After opening with a calypso tune from the inimitable Louis Armstrong, "High Society" really has nowhere to go but down, yet somehow director Charles Walters manages to keep this Technicolor musical sparkling through the next 100 minutes.
A re-telling of the 1940 hit "The Philadelphia Story" (which starred James Stewart, Katharine Hepburn, and Cary Grant), "High Society" retreads the story of wealthy "cold goddess" Tracy Samantha Lord (Kelly), whose upcoming marriage to a boring businessman is scuppered by the arrival of her previous husband, the "jukebox hero" Dexter (Crosby) and a pair of reporters from a cheap tabloid (Sinatra, Holm).
While it never comes close to the screwball charm of Hepburn and Co's outing, this is still a great musical... and one that's previously been grossly underrated.
Hopefully this reissue will remind audiences about both its charm and its fantastic selection of Cole Porter numbers, including "Who Wants to Be a Millionaire?", "Now You Has Jazz", and the hilarious Sinatra/Crosby duet on "Well, Did You Evah".

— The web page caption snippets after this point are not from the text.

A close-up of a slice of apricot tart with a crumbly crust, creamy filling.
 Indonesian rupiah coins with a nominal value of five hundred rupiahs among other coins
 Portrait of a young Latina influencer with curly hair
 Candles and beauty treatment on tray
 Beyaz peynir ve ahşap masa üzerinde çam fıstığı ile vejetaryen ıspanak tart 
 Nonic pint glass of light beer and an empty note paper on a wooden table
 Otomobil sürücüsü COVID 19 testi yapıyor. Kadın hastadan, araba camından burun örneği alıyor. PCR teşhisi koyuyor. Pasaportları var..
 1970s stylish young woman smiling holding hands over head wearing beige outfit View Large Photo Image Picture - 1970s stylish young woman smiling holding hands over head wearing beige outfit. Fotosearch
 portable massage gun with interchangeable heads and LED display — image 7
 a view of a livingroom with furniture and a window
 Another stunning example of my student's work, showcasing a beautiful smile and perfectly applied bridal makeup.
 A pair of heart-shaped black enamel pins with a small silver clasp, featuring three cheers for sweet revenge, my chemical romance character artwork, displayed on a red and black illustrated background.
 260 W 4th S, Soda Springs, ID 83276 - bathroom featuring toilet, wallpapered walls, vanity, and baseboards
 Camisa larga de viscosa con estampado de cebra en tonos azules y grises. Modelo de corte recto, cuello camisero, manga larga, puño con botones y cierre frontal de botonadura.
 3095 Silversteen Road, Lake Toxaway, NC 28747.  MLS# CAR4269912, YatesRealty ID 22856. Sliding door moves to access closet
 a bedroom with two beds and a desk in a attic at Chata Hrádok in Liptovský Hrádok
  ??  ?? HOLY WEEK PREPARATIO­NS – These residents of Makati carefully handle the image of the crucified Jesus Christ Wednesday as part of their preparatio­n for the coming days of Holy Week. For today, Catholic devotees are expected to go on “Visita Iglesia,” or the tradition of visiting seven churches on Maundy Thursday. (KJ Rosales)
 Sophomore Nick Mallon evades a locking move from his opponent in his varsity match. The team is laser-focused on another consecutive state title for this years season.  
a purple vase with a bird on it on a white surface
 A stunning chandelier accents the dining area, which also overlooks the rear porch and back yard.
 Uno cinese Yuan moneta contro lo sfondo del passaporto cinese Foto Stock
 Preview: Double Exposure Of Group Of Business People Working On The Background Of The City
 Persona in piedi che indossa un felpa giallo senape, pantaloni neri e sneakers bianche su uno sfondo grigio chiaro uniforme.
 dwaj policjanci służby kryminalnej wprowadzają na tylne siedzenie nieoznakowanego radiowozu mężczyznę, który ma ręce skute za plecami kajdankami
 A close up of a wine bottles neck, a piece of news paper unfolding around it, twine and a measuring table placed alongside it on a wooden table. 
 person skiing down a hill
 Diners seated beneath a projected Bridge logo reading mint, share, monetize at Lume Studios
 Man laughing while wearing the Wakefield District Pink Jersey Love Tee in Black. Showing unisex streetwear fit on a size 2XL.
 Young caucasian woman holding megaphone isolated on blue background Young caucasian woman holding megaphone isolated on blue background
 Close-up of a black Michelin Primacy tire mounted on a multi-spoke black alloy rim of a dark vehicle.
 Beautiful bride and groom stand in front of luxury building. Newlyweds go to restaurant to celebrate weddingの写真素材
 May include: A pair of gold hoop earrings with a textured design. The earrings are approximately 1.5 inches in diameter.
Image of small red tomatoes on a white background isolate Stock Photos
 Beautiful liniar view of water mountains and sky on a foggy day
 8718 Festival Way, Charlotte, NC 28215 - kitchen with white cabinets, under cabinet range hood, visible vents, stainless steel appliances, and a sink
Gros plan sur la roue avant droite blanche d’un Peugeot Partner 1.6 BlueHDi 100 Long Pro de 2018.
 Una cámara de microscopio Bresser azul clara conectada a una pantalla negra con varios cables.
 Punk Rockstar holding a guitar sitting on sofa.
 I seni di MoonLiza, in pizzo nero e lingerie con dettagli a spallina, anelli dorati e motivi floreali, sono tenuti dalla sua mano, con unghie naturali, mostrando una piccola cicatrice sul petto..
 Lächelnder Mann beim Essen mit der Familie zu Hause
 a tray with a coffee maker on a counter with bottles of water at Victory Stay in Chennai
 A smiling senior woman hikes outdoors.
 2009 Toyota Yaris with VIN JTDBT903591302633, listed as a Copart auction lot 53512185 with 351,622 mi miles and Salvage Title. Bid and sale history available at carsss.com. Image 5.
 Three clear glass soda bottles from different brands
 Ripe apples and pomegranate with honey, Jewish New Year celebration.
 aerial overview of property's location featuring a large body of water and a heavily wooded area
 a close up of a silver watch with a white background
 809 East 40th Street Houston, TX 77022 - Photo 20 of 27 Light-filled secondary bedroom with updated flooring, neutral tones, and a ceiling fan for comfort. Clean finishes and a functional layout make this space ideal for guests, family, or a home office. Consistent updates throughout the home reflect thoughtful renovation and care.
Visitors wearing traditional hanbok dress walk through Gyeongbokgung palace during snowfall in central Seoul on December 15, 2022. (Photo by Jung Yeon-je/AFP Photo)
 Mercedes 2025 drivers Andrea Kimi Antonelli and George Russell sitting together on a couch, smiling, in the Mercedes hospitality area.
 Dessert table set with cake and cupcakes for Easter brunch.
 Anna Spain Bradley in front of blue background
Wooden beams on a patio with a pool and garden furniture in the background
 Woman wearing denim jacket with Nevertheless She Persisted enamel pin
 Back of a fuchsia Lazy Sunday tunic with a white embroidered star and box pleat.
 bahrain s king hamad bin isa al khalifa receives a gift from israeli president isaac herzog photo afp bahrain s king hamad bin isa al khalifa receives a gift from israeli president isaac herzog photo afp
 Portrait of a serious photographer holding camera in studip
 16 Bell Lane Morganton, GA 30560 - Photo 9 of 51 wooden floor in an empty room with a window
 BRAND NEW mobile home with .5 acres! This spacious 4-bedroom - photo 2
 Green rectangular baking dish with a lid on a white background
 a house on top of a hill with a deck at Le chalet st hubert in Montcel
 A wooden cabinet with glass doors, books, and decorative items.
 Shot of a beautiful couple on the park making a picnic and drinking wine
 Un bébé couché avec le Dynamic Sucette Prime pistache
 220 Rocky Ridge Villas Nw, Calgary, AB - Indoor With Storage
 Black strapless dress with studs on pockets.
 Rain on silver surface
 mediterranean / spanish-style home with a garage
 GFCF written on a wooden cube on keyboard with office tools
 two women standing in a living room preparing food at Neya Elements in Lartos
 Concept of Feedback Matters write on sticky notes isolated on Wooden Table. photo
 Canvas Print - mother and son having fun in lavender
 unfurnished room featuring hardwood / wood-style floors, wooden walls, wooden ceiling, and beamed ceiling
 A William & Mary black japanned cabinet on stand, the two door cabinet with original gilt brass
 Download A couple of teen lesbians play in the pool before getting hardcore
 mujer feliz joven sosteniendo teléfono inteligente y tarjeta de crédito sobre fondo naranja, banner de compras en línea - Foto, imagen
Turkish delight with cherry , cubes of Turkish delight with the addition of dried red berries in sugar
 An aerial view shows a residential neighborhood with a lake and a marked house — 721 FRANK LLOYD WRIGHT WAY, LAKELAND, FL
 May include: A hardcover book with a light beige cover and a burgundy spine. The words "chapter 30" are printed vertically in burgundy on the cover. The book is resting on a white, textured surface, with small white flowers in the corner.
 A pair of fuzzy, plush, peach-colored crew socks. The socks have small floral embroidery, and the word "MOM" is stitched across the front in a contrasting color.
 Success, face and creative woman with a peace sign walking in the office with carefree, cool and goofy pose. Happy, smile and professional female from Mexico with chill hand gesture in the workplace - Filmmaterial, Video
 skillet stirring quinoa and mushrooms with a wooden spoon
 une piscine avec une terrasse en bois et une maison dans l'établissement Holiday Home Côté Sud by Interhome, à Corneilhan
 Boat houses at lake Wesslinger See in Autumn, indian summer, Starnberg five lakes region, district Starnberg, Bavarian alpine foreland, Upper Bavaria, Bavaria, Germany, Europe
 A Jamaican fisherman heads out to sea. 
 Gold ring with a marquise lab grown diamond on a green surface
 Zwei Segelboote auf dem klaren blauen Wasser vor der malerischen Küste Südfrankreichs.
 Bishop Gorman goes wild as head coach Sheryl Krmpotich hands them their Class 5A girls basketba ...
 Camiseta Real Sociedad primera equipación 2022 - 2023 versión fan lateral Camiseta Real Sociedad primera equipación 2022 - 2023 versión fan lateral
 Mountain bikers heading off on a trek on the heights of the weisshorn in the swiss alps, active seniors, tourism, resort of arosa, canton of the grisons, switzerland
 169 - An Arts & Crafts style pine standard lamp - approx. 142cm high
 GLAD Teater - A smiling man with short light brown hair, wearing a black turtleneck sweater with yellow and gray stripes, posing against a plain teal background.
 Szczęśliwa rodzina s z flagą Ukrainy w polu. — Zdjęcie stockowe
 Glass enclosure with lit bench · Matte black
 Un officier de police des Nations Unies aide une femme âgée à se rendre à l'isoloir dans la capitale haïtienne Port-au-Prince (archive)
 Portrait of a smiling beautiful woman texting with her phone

There's also lots of fun to be had watching the cast bounce off each other. While Crosby's so relaxed he looks half asleep, the rest of the players are full of life, from Sinatra's cynical reporter to Kelly's radiant exuberance, not to mention the understated comedy of Celeste Holm, who almost steals the show as the droll foil to the others' lovestruck antics.
Although Walters' direction is painfully flat, the scenes still sparkle, and the drunken wedding party is hilarious (with a wasted Kelly shouting "I'm sensational!" to anyone who'll listen), matched only by the hangover the next morning when even the rattle of the breakfast china is too much to handle.
It's a fantastic comedy and a musical that thoroughly deserves to be reassessed.